Tahu posisi diri, meski tidak minder. Kita kadang lupa (misalnya karena akrab), posisi kita dimana. Misalnya murid begitu akrab dengan gurunya. Murid yang tahu diri akan tetap ingat kapan dia itu teman, kapan dia itu guru saya. Kalau tidak akan repot, sebab, bisa saja perintah guru, tidak ditaati, toh hanya teman. Kita boleh saja berakrab ria dengan Romo Koko, misalnya, bahkan menurut saya itu baik, tetapi harus senantiasa diingat bahwa Beliau itu seorang pastor. Berbicara ngoko dengan gurunya apalagi dengan romonya, itu kurang pas. Kalau mau aman, pakailah Bahasa Indonesia saja atau Bahasa Inggris. Kita tetap bisa bergaul dengan cair dan enjoy, tanpa meninggalkan posisi kita. Juga orang bisa berhumor ria dengan siapa saja, tetapi haruslah menghindari humor yang menyinggung. Setiap orang mempunyai daerah pekanya sendiri lho, harus ingat itu. Misalnya seseorang sangat tidak suka kalau bentuk fisiknya dijadikan obyek humor, namun orang lain lagi tidak masalah, bahkan senang. Kecenderungannya orang tidak suka kalau aib yang pernah dialami dijadikan obyek humor. Jadi jangan sok humoris, dengan sembarangan membuat humor. Harus pakai analisa dulu dong. Kita lebih baik kehilangan humor daripada kehilangan teman. Ternyata untuk menjadi rendah hati, perlu belajar ya.
Tidak ngeyel dalam pendapat. Kita sering yakin benar, bahwa pendapat kita paling jos, tetapi setelah diadu dengan pendapat orang lain, sering kelihatan kelemahan-kelemahannya. Jika itu terjadi, belajarlah rendah hati dengan mengakui, bahwa pendapat orang lainlah yang lebih baik. Gitu.
Menghindari untuk dimintai nasehat.
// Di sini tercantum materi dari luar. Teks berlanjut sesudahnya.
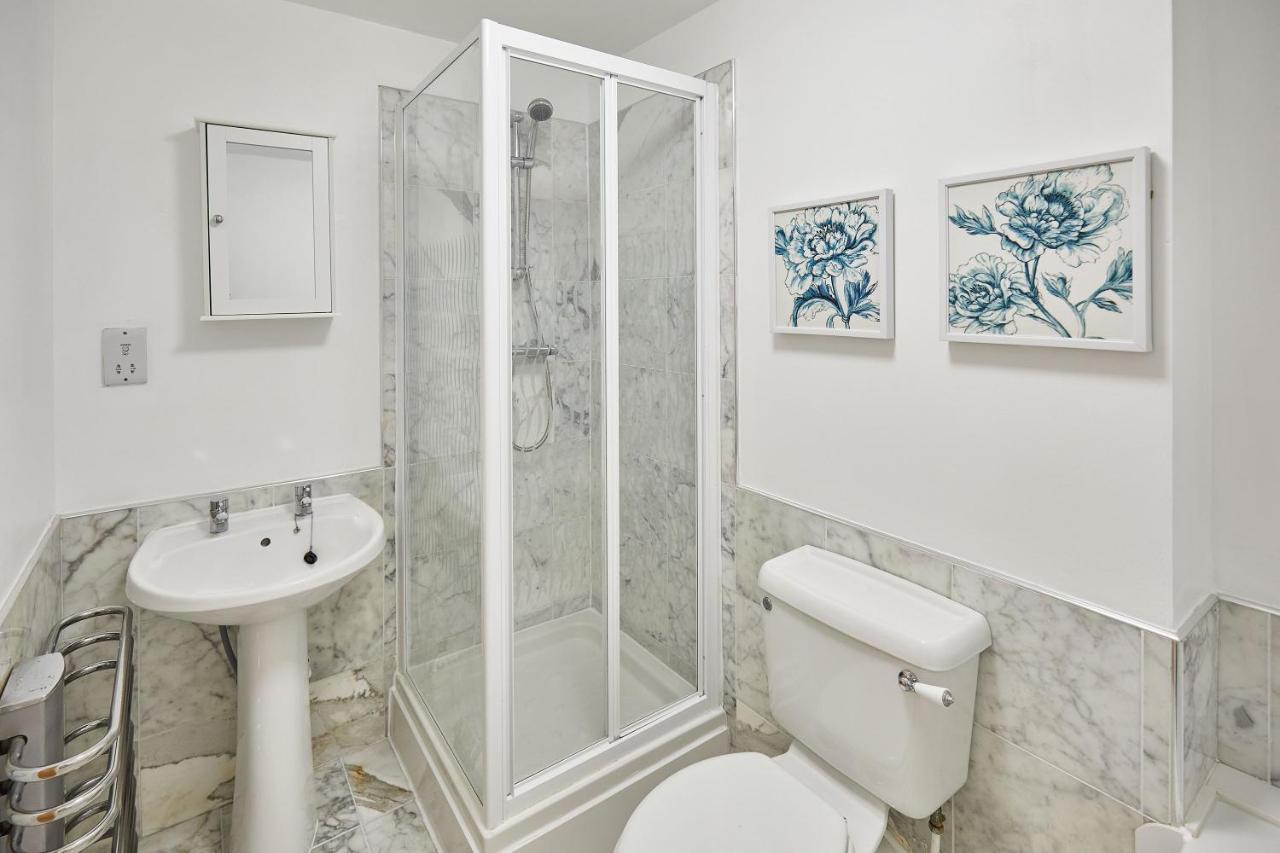 Host & - 6, Royal Sands * Scarborough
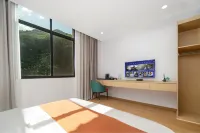 Guxin Hotel (Zhonglu Village)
Karena merasa lebih menguasai masalah atau lebih pandai, kita sering mengharapkan orang meminta nasehat atau pendapatnya. Jika itu tidak dilakukan lalu merasa bahwa kita tidak dianggap, diremehkan. Itu penyakit juga yang perlu diwaspadai. Ada-ada saja.
Seseorang bisa berendah hati dengan tidak merayakan kemenangan secara berlebihan di hadapan orang lain yang kalah, atau orang lain yang tidak mendapatkan kemenangan. Itu tidak mengenakkan bagi mereka. Merayakan kemenangan di hadapan orang yang gagal sering menimbulkan rasa minder atau sakit hati. Jangan mendapat kepuasan di atas cucuran air mata orang lain. Gitu kan orang yang beriman.
Jika mungkin suatu ketika dimintai nasehat atau pendapat, tidak perlu berbicara lebih banyak daripada yang dibutuhkan. Berbicara terlalu banyak mungkin menyenangkan bagi kita tetapi menyebalkan bagi orang lain.
Mari bersama rendah hati tanpa menghalangi kita untuk merasakan nikmatnya hidup sebagai orang beriman.